Depois de chegar lá, não há mais para onde ir. Para cima, claro. Para baixo as oportunidades e possibilidades são infinitas. E assim, os que chegam lá, comemoram. E, no dia seguinte, sofrem, angustiam-se e muitos mergulham em depressão. Alguns se matam. O dia a dia de um chefe de cozinha é carregado de preocupações, dúvidas e necessidade de tomar decisões. Trabalha antes, no intervalo e no depois. E na hora do show, almoços e jantares, precisa estar elegante, sorridente, acolhedor, por, no mínimo, três horas.

Suicidar-se é uma circunstância na vida das pessoas. Na dos chefes de cozinha não chega a ser recorrência, mas uma possibilidade que jamais pode ser ignorada. Nos últimos dez anos dez chefes de cozinha famosos optaram pelo suicídio. E outra centena não tão famosa, também.

Marcus Peter Volke – Austrália,
Tony Robijns – Bélgica,
Tu Yuangao – China,
Richard Brown – Estados Unidos,
Grant Gordon – Estados Unidos,
Anthony Sedlak – Canadá,
Homaro Cantu – Estados Unidos,
Josh Marks – Estados Unidos,
Joseph Cerniglia – Estados Unidos,
Benoît Violier – França.

E neste ano de 2018, o 11º suicídio que sensibilizou milhões de pessoas em todo o mundo. O do chef e celebridade Anthony Bourdain.

Entre todos os suicídios, sobre o qual escrevi um artigo, o de Bernard Loiseau, no dia 24 de fevereiro de 2003, que, diante da perspectiva de perder uma de suas três estrelas do Guia Gault & Millau, preferiu matar-se antes.

E, dias depois, ao sair o guia, o Le Côte Dór permanecia com as mesmas três estrelas. Não resistiu aos boatos e matou-se antes da não confirmação. Talvez o primeiro de muitos suicídios decorrentes de “fake news”.

No dia seguinte ao suicídio de Loiseau, o “pai e mentor profissional de todos eles”, que por sinal morreu no início deste ano de morte natural, Paul Bocuse, disparou: “Parabéns, Gault Millau, vocês ganharam. A sua apreciação custou a vida de um homem. Não podemos mais deixar nos manipular assim. Eu te dou uma estrela, eu te tomo uma estrela, eu te dou um ponto, eu te tiro um ponto.
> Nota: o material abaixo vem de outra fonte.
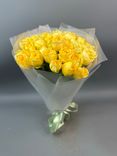 Фото флориста 1: Букет из 15 кустовых желтых роз в пленке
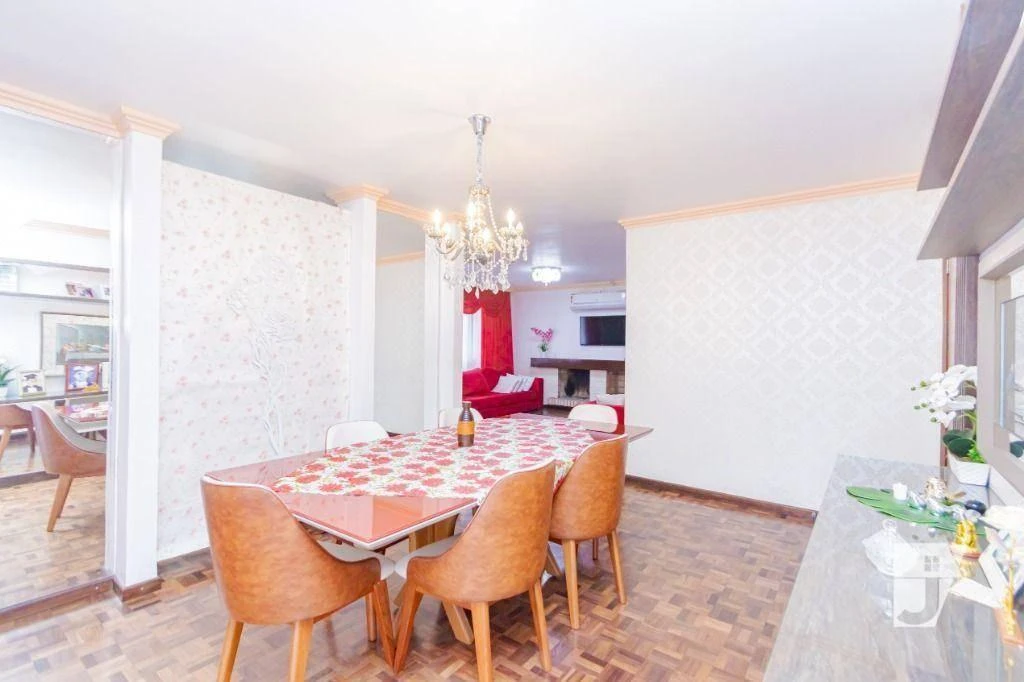 Ванна та 4 спальні: будинок 258 м² — photo 15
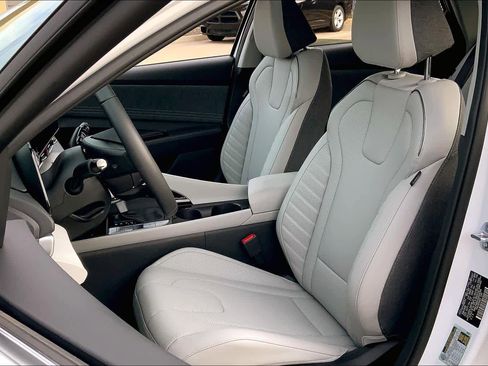 Certified 2025 Hyundai Elantra Limited image 7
Os críticos são como os eunucos. Eles sabem, mas não podem”.

A novidade agora é chefes de cozinha consagrados devolvendo as condecorações e pedindo para serem excluídos de qualquer avaliação. No início deste 2018, Sébastien Bras convocou a imprensa para informar a todos que tinha, não obstante suas três estrelas do Michelin, jogado a toalha. Disse, em ótimo francês: “Tô fora! Chega, não quero mais!” Se a onda pegar, o que farão os guias e os críticos?
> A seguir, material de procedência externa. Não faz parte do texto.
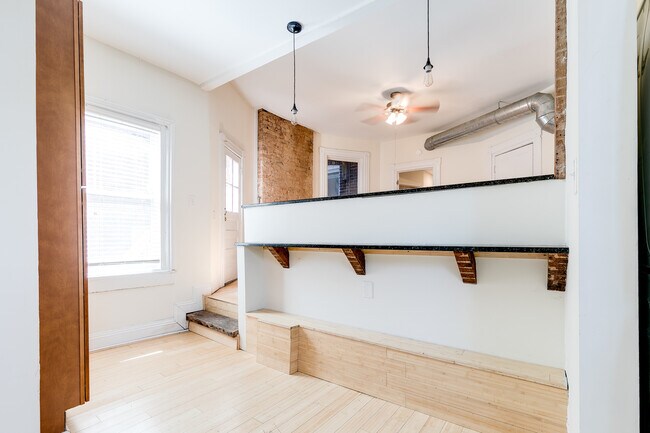 Building Photo - 1006 Park Ave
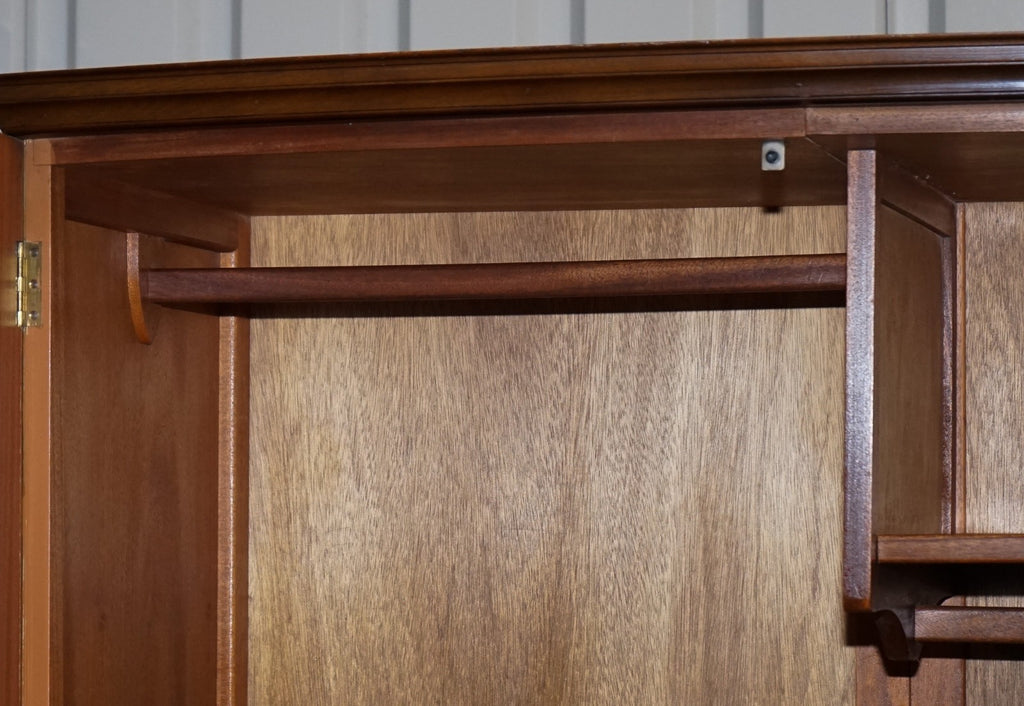 STUNNING 1920'S ENGLISH WALNUT ART DECO DOUBLE WARDROBE QUEEN ANNE LEGS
Na carta em que explica sua decisão, Bras diz: “Talvez, a partir de agora, eu perca notoriedade. Mas, vou me sentir livre, sem ficar me perguntando se minhas criações agradam ou não os inspetores do Michelin… Somos inspecionados de duas a três vezes por ano. Não sabemos quando. Cada prato que sai pode ser inspecionado. A cada dia servimos 500 pratos. Se errarmos num único e aquele for o do inspetor…”.

Difícil esquecer Bernard Loiseau, nem mesmo Fernando Adriá, o melhor do mundo, que decidiu fechar seu restaurante por não suportar mais a pressão. E vale para tudo na vida. Empresários e profissionais. O que estamos fazendo na terra? Viemos aqui, para quê?